Nate Silver, who is beyond brilliant, blogs for the New York Times, mainly on statistical prediction in politics and sport. (He made his money in sport predictions and moved into politics. He has what looks like a liberal bent from the questions he asks, but absolute intellectual integrity.)
In one of this most recent posts, he takes on a model that predicts the 2012 House results. It is an absolutely fascinating analysis of the sources of error in this kind of predictive analysis. In particular he urges that one must not be looking at too many potential predictive variables when you have too few cases to study.
Sample caution:
A general rule of thumb is that you should have no more than one variable for every 10 or 15 cases in your data set. So a model to explain what happened in 15 elections should ideally contain no more than one or two inputs. By a strict interpretation, in fact, not only should a model like this one not contain more than one or two input variables, but the statistician should not even consider more than one or two variables as candidates for the model, since otherwise he can cherry-pick the ones that happen to fit the data the best (a related problem known as data dredging).

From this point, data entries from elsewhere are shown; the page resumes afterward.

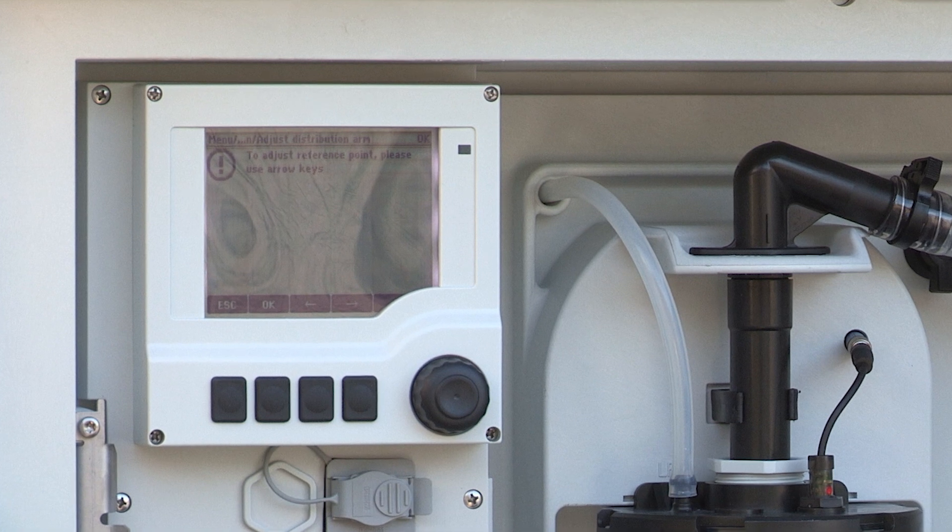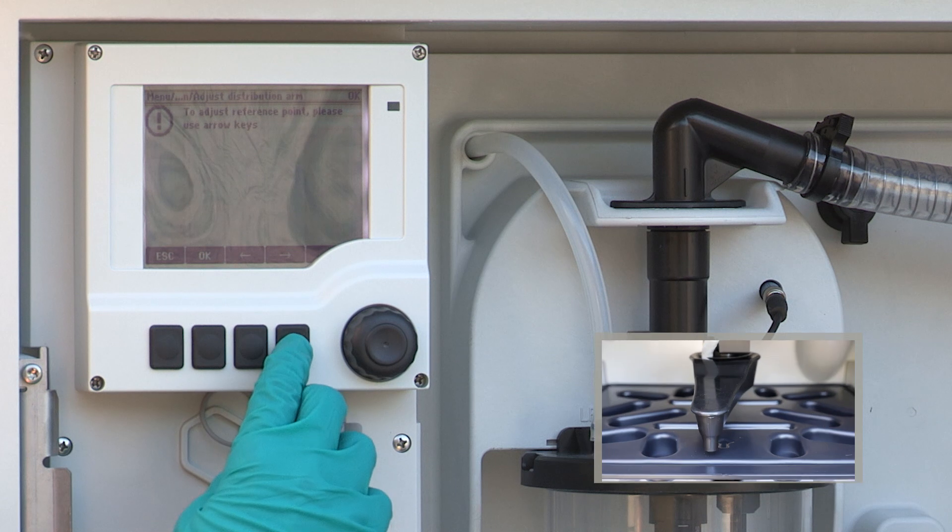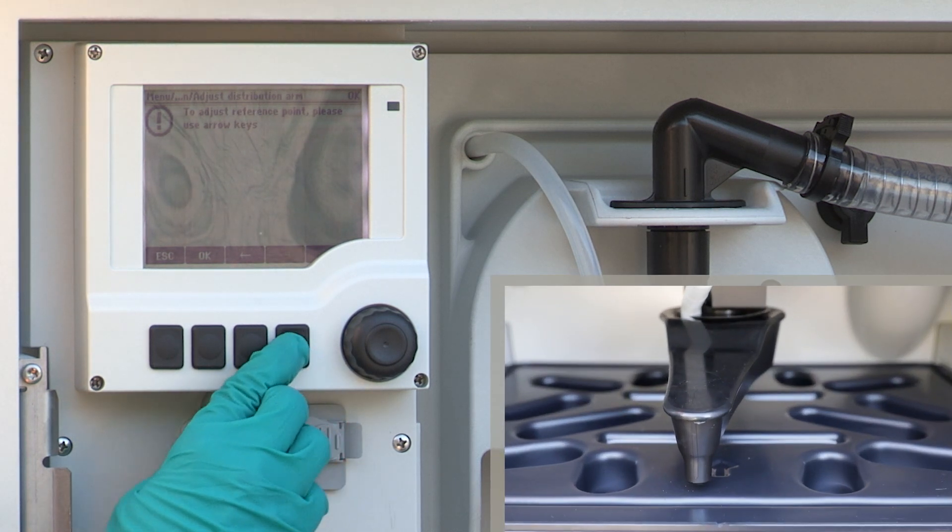If the reference point was reached, confirm directly with OK. If the reference point was not reached, first correct the position.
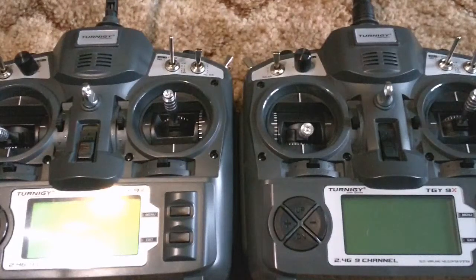In this video I'm going to show how I modified a Turnigy 9XV2 radio so that you can use other modules with it, but importantly also so that you can use the original module that comes with it.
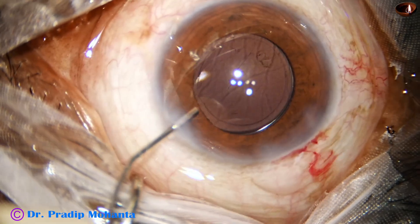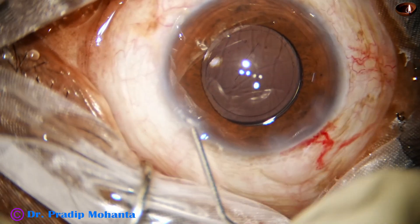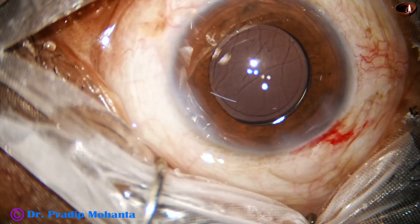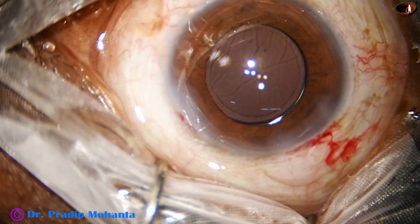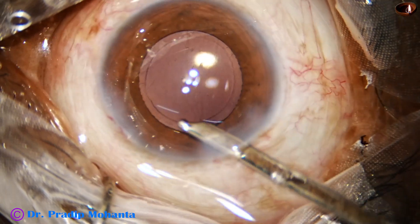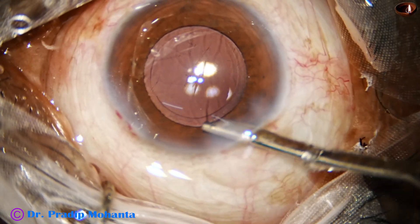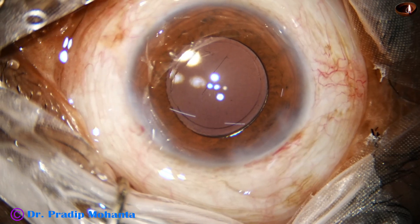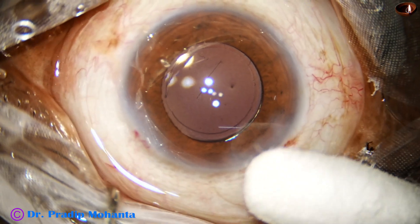This is a bit of moxie. The side port is hydrated. The anterior chamber is formed nicely with the help of this 23G Simco cannula. Any particles remaining in the anterior chamber are aspirated. The anterior chamber is nicely formed and the case is concluded.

What the blog focuses in on is not so much the prediction (Republican hold of the House), but the asserted extremely high level of statistical confidence in the prediction. The way the blog undercuts this is by showing that adding only one more election to the model radically changes not so much the most likely result, but the range of significantly possible results. This is in some ways parallel to the discussion of the Jim Greiner paper (NewsMaker Interviw, with links here), which is my opinion should perhaps be less about the accuracy of the result, and more about what the chance is that the finding of lack of statistically measurable impact from offers of representation could mask a big or small actual impact. In other words, I would suggest that the concern is not so much that there is no impact from the offer of representation, but rather that any impact is small. (This is not getting into the detailed discussion of the impact of the fact that about half of those who were denied representation in the randomization process in fact found it somewhere else.)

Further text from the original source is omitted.